In case of the first signs of anaphylactic reactions, the use of CosmoFer should be stopped immediately.

The use of CosmoFera in patients with autoimmune diseases or inflammatory conditions (systemic lupus erythematosus, rheumatoid arthritis) may cause type III allergic reactions. Cases of arterial hypotension may occur if the IV injection is given too quickly.

Delayed hypersensitivity reactions are characterized by arthralgia, anaphylactic myalgia, and sometimes fever, which can last from several hours to 4 days after injection. Symptoms usually appear within 2-4 days.

The diagnosis of iron deficiency should be based on appropriate laboratory tests (serum ferritin, serum iron, transferrin iron saturation).

Before use, ampoules should be visually inspected for residue and damage. Use only ampoules with a homogeneous solution that does not contain precipitate.

Particulars of action when first used or withdrawn

The first time the drug is used, the recommended starting dose is 25 mg of iron or 0.5 ml of solution. If no adverse reactions occur within the next 60 minutes, the remaining dose may be administered.

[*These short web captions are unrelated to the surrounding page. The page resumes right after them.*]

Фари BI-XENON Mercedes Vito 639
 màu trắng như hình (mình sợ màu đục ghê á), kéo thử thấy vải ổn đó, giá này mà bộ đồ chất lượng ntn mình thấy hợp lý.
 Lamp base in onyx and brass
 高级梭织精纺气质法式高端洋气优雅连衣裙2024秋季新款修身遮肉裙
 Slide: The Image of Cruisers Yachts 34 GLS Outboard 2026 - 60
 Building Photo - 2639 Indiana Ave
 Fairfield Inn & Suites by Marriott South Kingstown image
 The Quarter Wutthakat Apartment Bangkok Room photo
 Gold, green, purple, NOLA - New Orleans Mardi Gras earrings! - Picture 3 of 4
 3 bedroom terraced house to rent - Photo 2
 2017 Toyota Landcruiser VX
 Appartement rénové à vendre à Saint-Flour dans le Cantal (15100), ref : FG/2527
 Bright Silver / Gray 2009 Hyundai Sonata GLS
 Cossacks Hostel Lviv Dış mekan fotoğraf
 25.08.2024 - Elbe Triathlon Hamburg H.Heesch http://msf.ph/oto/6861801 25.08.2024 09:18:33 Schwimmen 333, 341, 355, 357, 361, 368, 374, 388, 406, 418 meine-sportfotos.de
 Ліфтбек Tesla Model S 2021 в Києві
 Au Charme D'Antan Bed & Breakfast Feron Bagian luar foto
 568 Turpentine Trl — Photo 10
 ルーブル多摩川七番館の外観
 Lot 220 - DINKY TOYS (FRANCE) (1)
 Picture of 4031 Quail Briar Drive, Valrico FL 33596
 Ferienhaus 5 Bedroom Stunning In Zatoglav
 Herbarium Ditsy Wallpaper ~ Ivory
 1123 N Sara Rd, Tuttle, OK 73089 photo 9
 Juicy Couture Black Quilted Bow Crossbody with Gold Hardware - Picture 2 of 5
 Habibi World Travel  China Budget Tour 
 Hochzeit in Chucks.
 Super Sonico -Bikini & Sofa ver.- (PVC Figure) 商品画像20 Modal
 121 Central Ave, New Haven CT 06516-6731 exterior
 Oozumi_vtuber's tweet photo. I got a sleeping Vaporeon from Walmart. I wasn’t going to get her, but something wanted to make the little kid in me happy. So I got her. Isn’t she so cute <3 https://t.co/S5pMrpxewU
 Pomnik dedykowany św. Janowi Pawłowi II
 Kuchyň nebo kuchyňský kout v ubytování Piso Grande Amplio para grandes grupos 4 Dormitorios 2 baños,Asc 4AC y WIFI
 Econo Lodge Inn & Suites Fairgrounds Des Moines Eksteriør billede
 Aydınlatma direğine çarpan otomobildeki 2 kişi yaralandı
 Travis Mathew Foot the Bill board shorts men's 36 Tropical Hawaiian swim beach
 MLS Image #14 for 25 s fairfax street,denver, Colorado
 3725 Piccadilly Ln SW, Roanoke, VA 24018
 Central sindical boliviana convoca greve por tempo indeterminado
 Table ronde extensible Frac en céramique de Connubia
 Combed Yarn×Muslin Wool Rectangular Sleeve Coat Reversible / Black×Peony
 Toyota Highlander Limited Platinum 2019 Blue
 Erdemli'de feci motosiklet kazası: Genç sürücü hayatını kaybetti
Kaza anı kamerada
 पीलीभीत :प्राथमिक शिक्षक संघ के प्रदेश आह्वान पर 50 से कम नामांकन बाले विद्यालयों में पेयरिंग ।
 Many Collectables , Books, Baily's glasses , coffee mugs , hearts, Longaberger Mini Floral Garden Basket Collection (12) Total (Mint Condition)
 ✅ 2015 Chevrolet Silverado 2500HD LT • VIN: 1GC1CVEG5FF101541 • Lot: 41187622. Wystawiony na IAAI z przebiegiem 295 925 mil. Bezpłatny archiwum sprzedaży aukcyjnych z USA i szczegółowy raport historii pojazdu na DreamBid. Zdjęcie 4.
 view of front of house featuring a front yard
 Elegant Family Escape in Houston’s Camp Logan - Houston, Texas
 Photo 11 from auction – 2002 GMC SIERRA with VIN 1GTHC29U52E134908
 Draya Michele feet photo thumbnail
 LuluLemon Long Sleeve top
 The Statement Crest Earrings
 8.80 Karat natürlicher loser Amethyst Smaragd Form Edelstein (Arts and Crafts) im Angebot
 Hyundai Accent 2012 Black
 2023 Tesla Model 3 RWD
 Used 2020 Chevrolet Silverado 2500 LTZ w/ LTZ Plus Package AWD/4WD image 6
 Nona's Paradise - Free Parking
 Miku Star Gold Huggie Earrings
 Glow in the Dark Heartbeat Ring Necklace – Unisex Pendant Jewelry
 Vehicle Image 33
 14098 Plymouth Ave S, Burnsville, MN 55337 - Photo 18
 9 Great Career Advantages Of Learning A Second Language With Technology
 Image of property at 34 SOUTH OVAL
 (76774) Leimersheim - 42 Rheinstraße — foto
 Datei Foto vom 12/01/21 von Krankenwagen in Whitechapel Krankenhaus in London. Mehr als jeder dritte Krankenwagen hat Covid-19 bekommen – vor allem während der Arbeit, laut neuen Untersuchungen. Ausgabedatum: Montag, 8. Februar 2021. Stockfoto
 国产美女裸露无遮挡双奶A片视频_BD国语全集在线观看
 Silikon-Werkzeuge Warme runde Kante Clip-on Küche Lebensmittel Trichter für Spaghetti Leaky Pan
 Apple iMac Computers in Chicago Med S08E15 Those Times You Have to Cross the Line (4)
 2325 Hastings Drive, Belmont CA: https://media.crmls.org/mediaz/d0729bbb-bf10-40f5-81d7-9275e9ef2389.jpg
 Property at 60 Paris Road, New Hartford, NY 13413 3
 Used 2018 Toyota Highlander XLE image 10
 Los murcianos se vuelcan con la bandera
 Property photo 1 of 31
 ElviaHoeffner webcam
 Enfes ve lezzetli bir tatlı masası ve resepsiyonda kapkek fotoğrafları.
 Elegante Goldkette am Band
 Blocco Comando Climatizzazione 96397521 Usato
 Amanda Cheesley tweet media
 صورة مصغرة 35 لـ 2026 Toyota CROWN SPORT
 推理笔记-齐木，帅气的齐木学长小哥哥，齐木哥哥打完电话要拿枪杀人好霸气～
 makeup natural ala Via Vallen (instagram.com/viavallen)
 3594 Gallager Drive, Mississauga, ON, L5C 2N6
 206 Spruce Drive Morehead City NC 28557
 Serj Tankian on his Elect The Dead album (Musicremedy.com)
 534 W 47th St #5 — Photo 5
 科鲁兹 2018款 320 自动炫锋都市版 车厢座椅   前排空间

Impact on the ability to drive vehicles, machinery. Does not affect the ability to operate vehicles and machinery.

Contraindications

With caution: impaired renal function; pregnancy (II-III trimesters); lactation.

Side effects

Approximately 5% of patients may have adverse reactions.

The most common adverse reactions are skin itching, shortness of breath.

In rare cases, decreased blood pressure, nausea, dyspeptic disorders, headache, joint and muscle pain, enlarged lymph nodes, increased bilirubin levels, and decreased serum calcium levels may occur.

Local reactions are pain and inflammation at the injection site, in addition, when injected intravenously – phlebitis, thrombophlebitis.

Higher doses of iron dextran (5 ml or more) give a brown color to the blood serum taken 4 hours after administration of the drug.

Possible anaphylactoid reactions, up to the development of anaphylactic shock with fatal outcome.

Overdose

Symptoms: hemosiderosis (acute iron overload).

Treatment: administration of complexing drugs (chelators) that bind iron into a chelate complex.

If a high dose of iron is given repeatedly, excess iron accumulates in the liver and causes an inflammatory process that can lead to fibrosis.

Pregnancy use

Should not be administered during the first trimester of pregnancy, but can be used with caution during the second and third trimesters and during lactation.